Despite its imposing appearance, time and weather have taken their toll: The hieroglyphics are slowly weathering, becoming more endangered with each passing year.
But there’s much to do before the scanning there can begin.
Corpus director Barbara Fash and Peabody Museum director William L. Fash, the Bowditch Professor of Central American and Mexican Archaeology and Ethnology, agreed Monday (April 30) that the Corpus’ recent trip to the Maya city of Yaxchilan in Chiapas, Mexico, to test the scanning technology was a resounding success.
As a field trial, they said, even the expedition’s difficulties were part of that success, as they learned the limitations of the equipment and the accommodations that may be needed to get good results.
The expedition to Yaxchilan, from April 16 to 26, involved 14 people from six nations, including two institutions from Mexico and a consultant from the Smithsonian Institution.
Its aim was to test 3-D digital scanning technology on an array of Maya monuments, from the tall, flat inscribed stone stelae to overhead door lintels; from fragile carved stucco moldings to Yaxchilan’s own one-step hieroglyphic stair.
“In broad terms, the trip was a huge success on many fronts,” Barbara Fash said. “We really found out what it [the scanner] could handle and what it couldn’t. Scanning a monument that faces skyward during the day doesn’t work with this equipment. You’re going to get better results at night.”
The Corpus plans to test similar scanning equipment from at least two other manufacturers on objects in the Peabody’s collection, she said. Though each of the other scanners has strengths, Fash said she was pleased with the equipment tested at Yaxchilan because it captured not only the monuments’ details, it also captured their color, something a similar laser scanner doesn’t do.
Once the additional testing is done, they have to make a decision about purchasing the equipment. After that, operators will have to be trained and international teams put together. It’s likely that more than one person who can work the equipment will have to accompany each expedition, ensuring that possible illness to one operator doesn’t sideline the rest of the team.

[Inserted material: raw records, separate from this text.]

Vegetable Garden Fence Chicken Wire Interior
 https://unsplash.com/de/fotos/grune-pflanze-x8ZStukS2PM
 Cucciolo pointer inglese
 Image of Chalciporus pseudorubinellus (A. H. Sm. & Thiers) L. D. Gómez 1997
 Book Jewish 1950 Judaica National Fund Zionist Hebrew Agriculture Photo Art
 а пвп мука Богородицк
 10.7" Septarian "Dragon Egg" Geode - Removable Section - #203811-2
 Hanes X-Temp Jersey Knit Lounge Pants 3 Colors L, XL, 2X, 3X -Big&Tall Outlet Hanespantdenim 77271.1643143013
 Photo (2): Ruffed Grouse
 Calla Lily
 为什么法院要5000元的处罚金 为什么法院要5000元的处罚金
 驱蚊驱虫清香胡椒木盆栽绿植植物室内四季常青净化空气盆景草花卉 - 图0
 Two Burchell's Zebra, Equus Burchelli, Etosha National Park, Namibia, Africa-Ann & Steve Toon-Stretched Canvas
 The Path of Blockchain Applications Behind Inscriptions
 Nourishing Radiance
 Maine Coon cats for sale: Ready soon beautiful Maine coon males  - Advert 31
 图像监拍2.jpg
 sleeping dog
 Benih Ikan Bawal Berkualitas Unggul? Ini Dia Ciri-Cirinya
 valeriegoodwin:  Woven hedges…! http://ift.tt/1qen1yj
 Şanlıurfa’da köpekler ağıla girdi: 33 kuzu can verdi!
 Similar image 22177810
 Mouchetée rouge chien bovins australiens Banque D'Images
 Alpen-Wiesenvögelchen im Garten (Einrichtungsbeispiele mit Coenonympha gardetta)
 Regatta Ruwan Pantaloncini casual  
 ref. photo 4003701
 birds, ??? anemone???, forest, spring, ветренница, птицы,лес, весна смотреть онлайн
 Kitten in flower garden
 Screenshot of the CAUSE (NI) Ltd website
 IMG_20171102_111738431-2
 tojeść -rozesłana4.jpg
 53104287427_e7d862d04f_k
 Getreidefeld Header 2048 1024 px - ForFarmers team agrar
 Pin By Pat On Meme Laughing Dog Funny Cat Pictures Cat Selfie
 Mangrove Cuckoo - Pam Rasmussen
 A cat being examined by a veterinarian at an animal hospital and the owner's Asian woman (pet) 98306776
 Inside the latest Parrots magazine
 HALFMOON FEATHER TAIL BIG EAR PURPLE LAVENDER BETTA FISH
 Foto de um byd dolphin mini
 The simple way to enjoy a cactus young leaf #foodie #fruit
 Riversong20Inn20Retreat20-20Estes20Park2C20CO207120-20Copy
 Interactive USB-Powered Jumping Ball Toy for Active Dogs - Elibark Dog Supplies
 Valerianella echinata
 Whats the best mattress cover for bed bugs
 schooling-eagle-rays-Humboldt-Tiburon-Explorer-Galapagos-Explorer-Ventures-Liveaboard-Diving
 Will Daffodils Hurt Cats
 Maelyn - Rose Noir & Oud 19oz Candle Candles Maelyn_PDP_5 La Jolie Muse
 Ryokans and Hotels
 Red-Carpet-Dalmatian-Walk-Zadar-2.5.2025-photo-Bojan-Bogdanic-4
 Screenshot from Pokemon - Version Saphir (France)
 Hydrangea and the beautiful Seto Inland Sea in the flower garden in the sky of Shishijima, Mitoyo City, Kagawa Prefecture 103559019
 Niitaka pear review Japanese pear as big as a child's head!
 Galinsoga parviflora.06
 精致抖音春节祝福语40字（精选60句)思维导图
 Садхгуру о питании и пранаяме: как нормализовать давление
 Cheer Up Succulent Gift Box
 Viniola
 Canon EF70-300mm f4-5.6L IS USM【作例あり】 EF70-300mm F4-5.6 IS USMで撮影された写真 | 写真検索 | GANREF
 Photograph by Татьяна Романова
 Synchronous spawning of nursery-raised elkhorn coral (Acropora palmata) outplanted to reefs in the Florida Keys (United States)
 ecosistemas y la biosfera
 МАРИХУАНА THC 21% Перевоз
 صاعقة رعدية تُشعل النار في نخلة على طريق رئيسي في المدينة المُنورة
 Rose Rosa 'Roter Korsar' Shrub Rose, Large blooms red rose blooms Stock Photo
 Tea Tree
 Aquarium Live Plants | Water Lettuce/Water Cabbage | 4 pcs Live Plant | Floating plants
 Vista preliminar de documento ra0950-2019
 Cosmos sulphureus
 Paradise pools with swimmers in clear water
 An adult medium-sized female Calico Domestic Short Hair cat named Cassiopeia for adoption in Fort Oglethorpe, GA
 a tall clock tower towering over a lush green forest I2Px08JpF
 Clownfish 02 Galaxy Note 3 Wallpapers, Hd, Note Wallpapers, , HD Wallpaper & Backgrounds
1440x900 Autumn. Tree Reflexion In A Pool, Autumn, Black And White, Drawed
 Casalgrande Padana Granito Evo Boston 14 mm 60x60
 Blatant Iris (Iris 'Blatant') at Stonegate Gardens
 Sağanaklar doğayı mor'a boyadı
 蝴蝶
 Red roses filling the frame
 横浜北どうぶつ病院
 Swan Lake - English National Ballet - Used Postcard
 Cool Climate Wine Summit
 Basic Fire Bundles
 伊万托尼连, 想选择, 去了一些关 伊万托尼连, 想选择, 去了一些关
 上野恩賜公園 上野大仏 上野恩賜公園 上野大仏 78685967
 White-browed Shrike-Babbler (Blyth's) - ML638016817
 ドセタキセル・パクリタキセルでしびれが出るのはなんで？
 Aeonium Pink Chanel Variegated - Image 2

The conclusion of the Corpus’ trial has raised many questions about the future of the scanning technology, including its place in a broader push across the humanities to increase the use of digital technology. Peabody director William Fash said he’s already discussed the technology with the Digital Humanities Committee and has been asked to give a brief presentation on the new technology at a conference in October.
Once purchased, the 3-D scanner could be used by other collections besides the Peabody’s, since the technology would also work on artwork and historical objects. Once the gear scans a sculpture, a carved image or other 3-D object, it creates a precise digital file that can be examined on a computer screen or used to “print out” a replica of the object on a special 3-D printer. Digital files can be shared more easily than original objects, potentially advancing research by improving access to scholars around the world.
Another important consideration, Barbara Fash said, is ensuring the digital files remain readable into the future. With technology continuing its rapid march forward, the software that makes different file types readable also continues to evolve. It’s important to ensure that the digital files, or metadata, themselves are stored in a format that will remain readable into the future.
“Once you can’t access it anymore, it’s [as if] it doesn’t exist,” Fash said.
Though the Corpus’ scanning focus will soon incorporate Copán, Yaxchilan and other sites in Mexico, Guatemala, and Belize remain in the preservation picture. The international team resolved that the most important and immediate application of this technology is to prioritize the monuments that are most endangered, especially the fragile stucco reliefs throughout the Maya area. Plans are in the making for a meeting to bring international scholars and foundations — such as the World Monuments Fund, which helped fund the Yaxchilan trip — together to compose a priority list later this year.
Though no plans have been formulated yet to return and scan more monuments, Ian Graham, the Corpus’ founding director, and graduate student Alexandre Tokovinine may return in the fall to photograph and draw three so-far unrecorded stelae, preserving the images and glyphs they contain for another generation of scholars.